*** Block opens ***
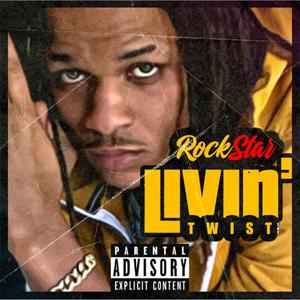 Rockstar Livin' (Explicit)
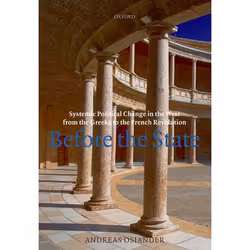 ISBN Before the State ( Systemic Political Change in the West from the Greeks to the French Revolution ), Andreas Osiander, 5 ...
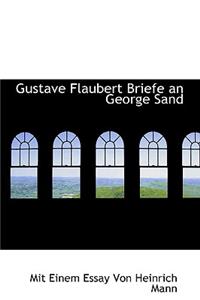 Gustave Flaubert Briefe an George Sand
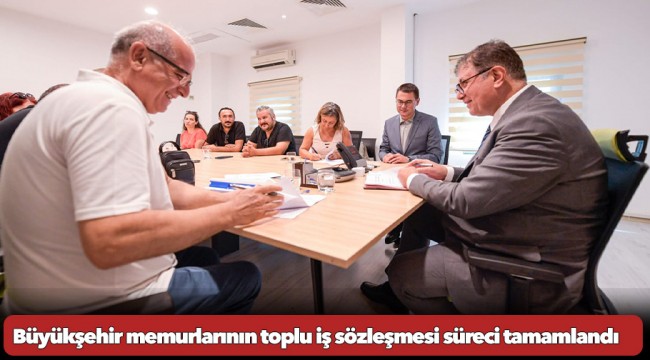 Büyükşehir memurlarının toplu iş sözleşmesi süreci tamamlandı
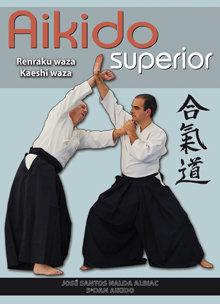 Vorderes Coverbild Aikido superior : Renraku waza-Kaeshi waza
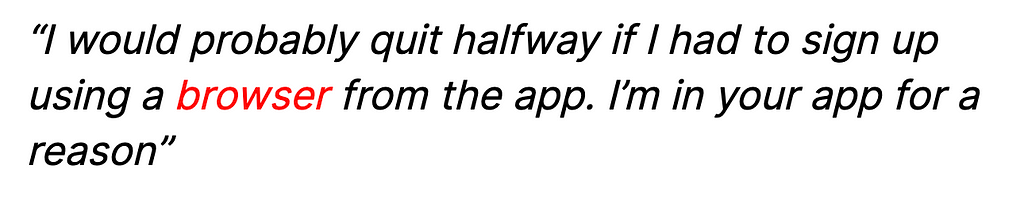 “I would probably quit halfway if I had to sign up using a browser from the app. I’m in your app for a reason”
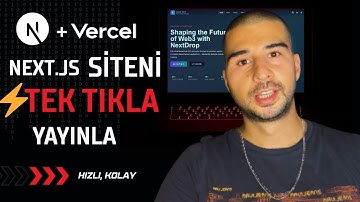 Vercel ile Saniyeler İçinde Next.js Sitesi Nasıl Yayınlanır?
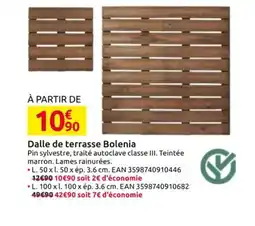 Mr Bricolage Dalle de terrasse Bolenia offre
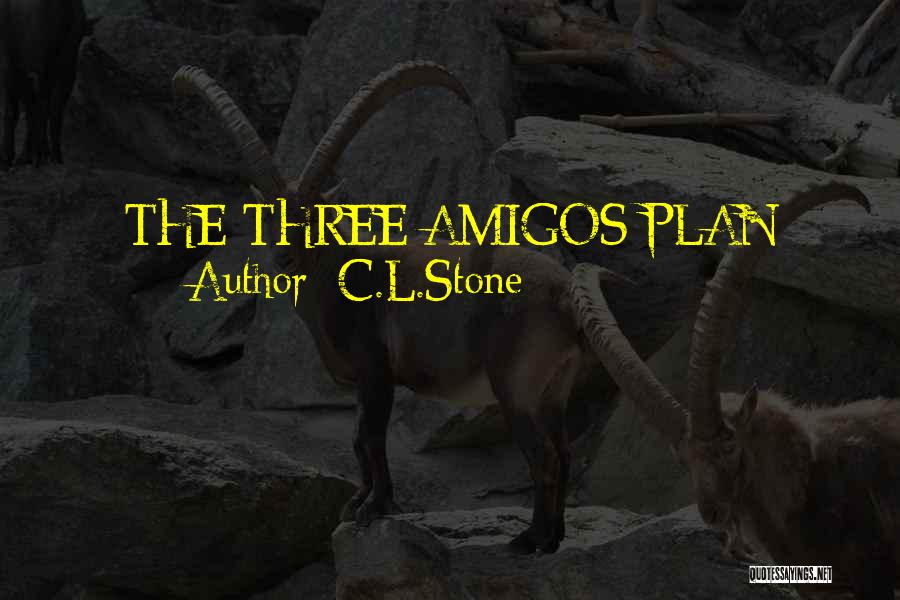 C.L.Stone Quotes: The Three Amigos Plan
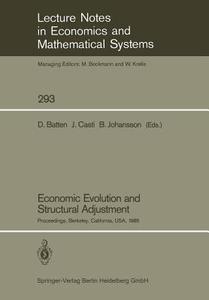 Economic Evolution and Structural Adjustment di David Batten edito da Springer Berlin Heidelberg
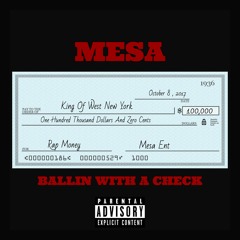 Mesa - Ballin With A Check (Dirty)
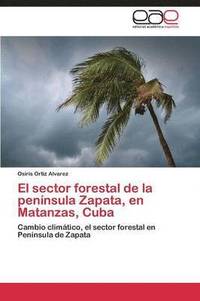 bokomslag El Sector Forestal de La Peninsula Zapata, En Matanzas, Cuba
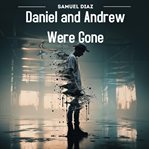 Daniel and Andrew Were Gone cover image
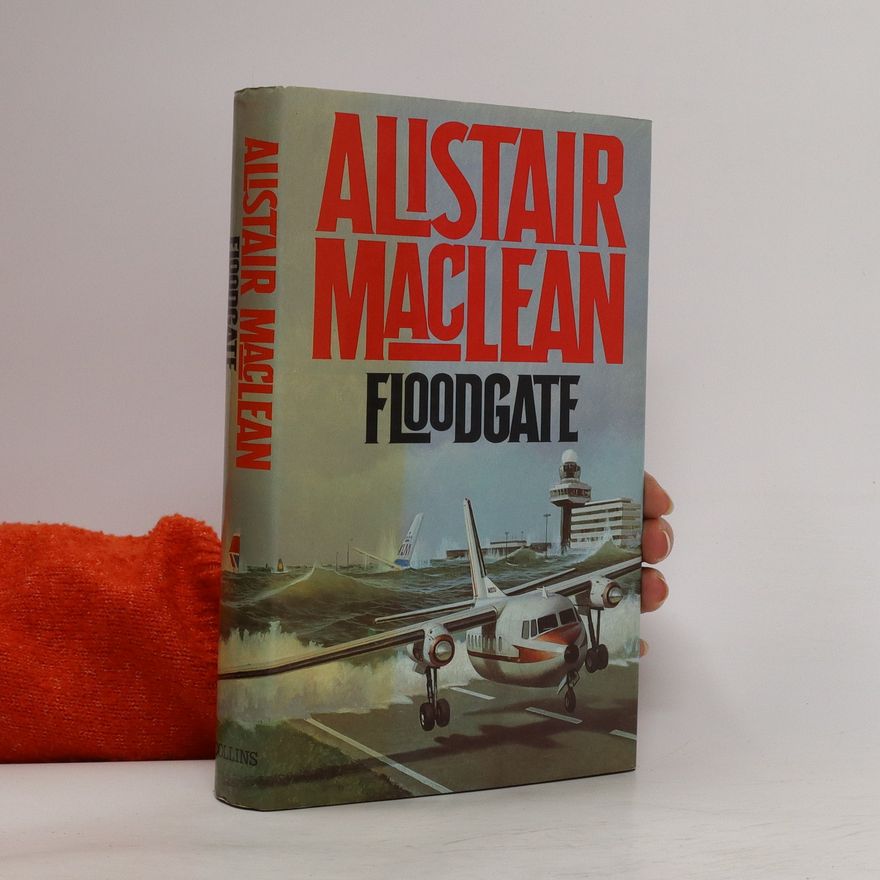 Alistair MacLean Floodgate
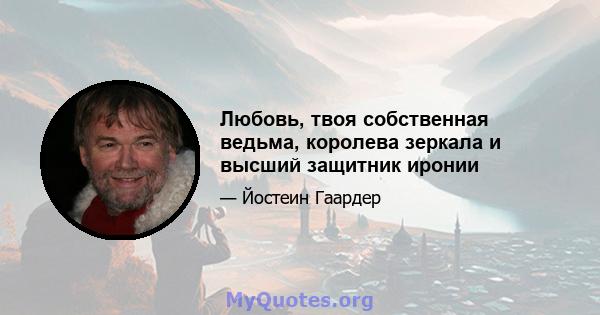 Любовь, твоя собственная ведьма, королева зеркала и высший защитник иронии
*** Block closes ***
◆ **Work to be completed**
Transcribe the listing exactly; omit all images.

◆ **Answer box**
 Rockstar Livin' (Explicit)
 ISBN Before the State ( Systemic Political Change in the West from the Greeks to the French Revolution ), Andreas Osiander, 5 ...
 Gustave Flaubert Briefe an George Sand
 Büyükşehir memurlarının toplu iş sözleşmesi süreci tamamlandı
 Vorderes Coverbild Aikido superior : Renraku waza-Kaeshi waza
 “I would probably quit halfway if I had to sign up using a browser from the app. I’m in your app for a reason”
 Vercel ile Saniyeler İçinde Next.js Sitesi Nasıl Yayınlanır?
 Mr Bricolage Dalle de terrasse Bolenia offre
 C.L.Stone Quotes: The Three Amigos Plan
 Economic Evolution and Structural Adjustment di David Batten edito da Springer Berlin Heidelberg
 Mesa - Ballin With A Check (Dirty)
 bokomslag El Sector Forestal de La Peninsula Zapata, En Matanzas, Cuba
 Daniel and Andrew Were Gone cover image
 Alistair MacLean Floodgate
 Любовь, твоя собственная ведьма, королева зеркала и высший защитник иронии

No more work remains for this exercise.